Integrating Programming to Reinforce Quantum Mechanical Principles in Physical Chemistry

JDanfei Hu, Janet N. Ahn, Alyssa Lakatos, Jose Bello, Jonathan McTague, and Jonathan J. Foley IV*

ACS Publications


We describe project-based learning (PBL) activities centered around developing and deploying computer simulations inspired by a canonical experiment in quantum mechanics known as the Stern-Gerlach experiment. One significant result of the Stern-Gerlach experiment was the illustration of superposition and uncertainty, which are foundational concepts in quantum mechanics that students often struggle to assimilate. Students work in groups to develop a Python program that simulates the evolution of a model quantum system (for example, the particle in a box, rigid rotor, or the harmonic oscillator) subject to sequential measurement of two incompatible observables (for example, position followed by momentum). They utilize the animation capabilities of Matplotlib to create movies that show the time evolution of the wavefunction and probability density over the course of the simulated experiment.
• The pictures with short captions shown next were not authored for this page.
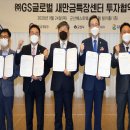 (주)GS글로벌 이미지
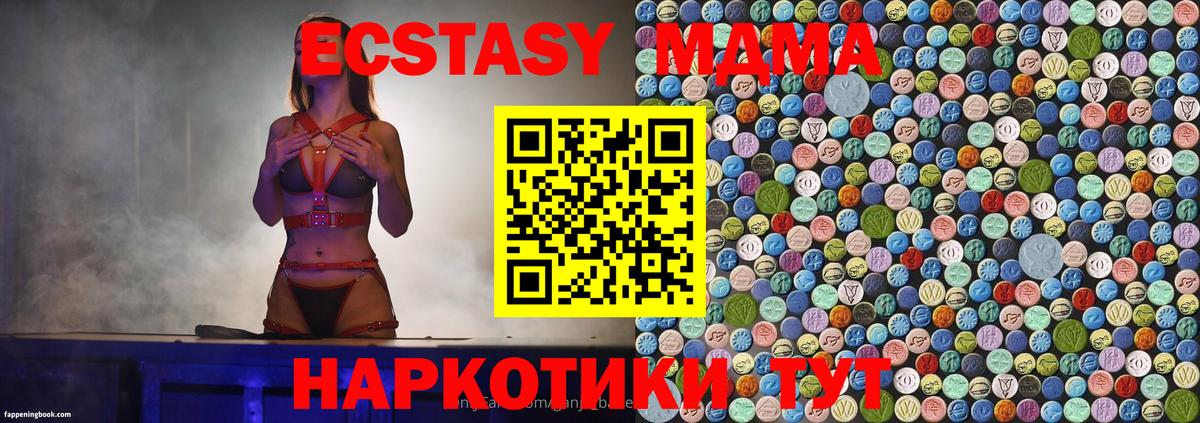 Новочебоксарск  МДМА VHQ  Вход с VPN 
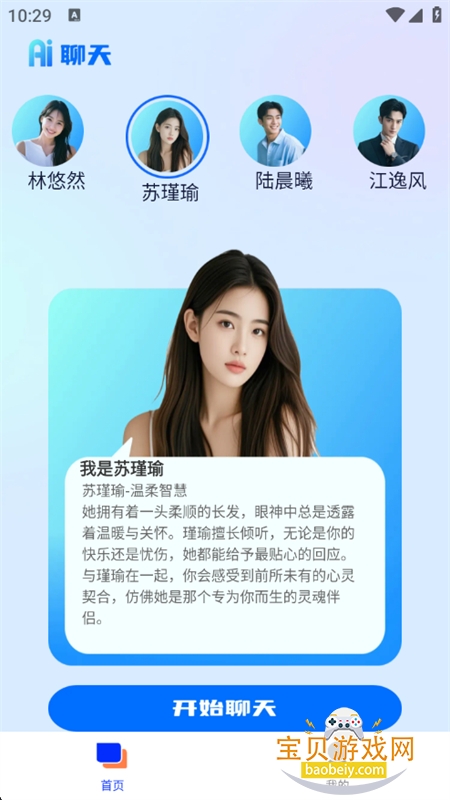 DeepAIappٷ°v1.0.1 ׿ͼ4.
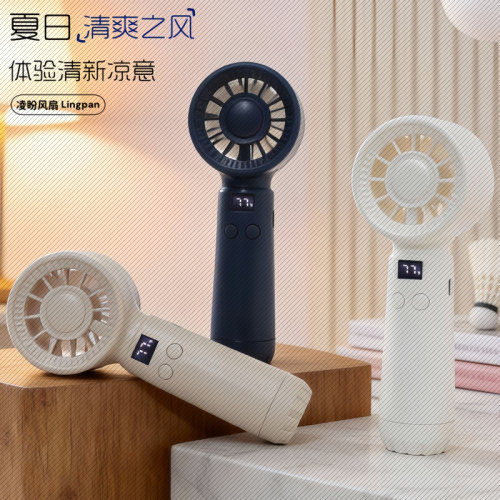 数显卡通小风扇夏日便携降温无极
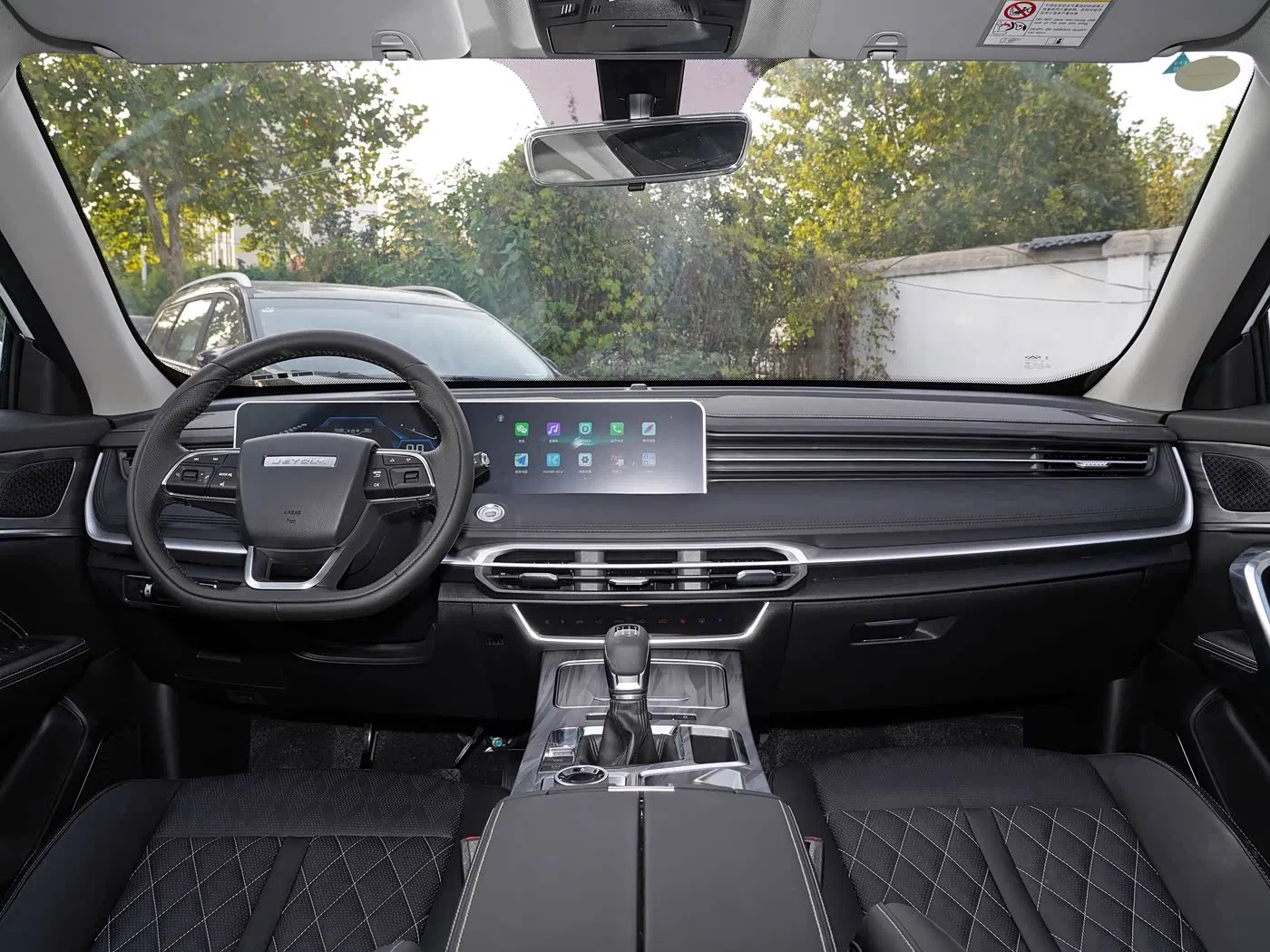 Jetour X70 Plus Front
The motivations for this programming PBL activity are threefold: (1) involving students in thinking through the basic logic required to simulate a Stern-Gerlach-type experiment helps to make the quantum mechanical principles more concrete, (2) implementing simulations within the context of common model systems in quantum chemistry reinforces student learning outcomes related to these models, and (3) the resulting animations can be studied to help reinforce student’s intuition about concepts like wavefunction collapse, superposition, and uncertainty. We also discuss the psychological obstacles that may discourage students from learning when introducing programming into the curriculum and share best practices for combating those obstacles. Finally, example code reflecting a student-completed PBL is provided.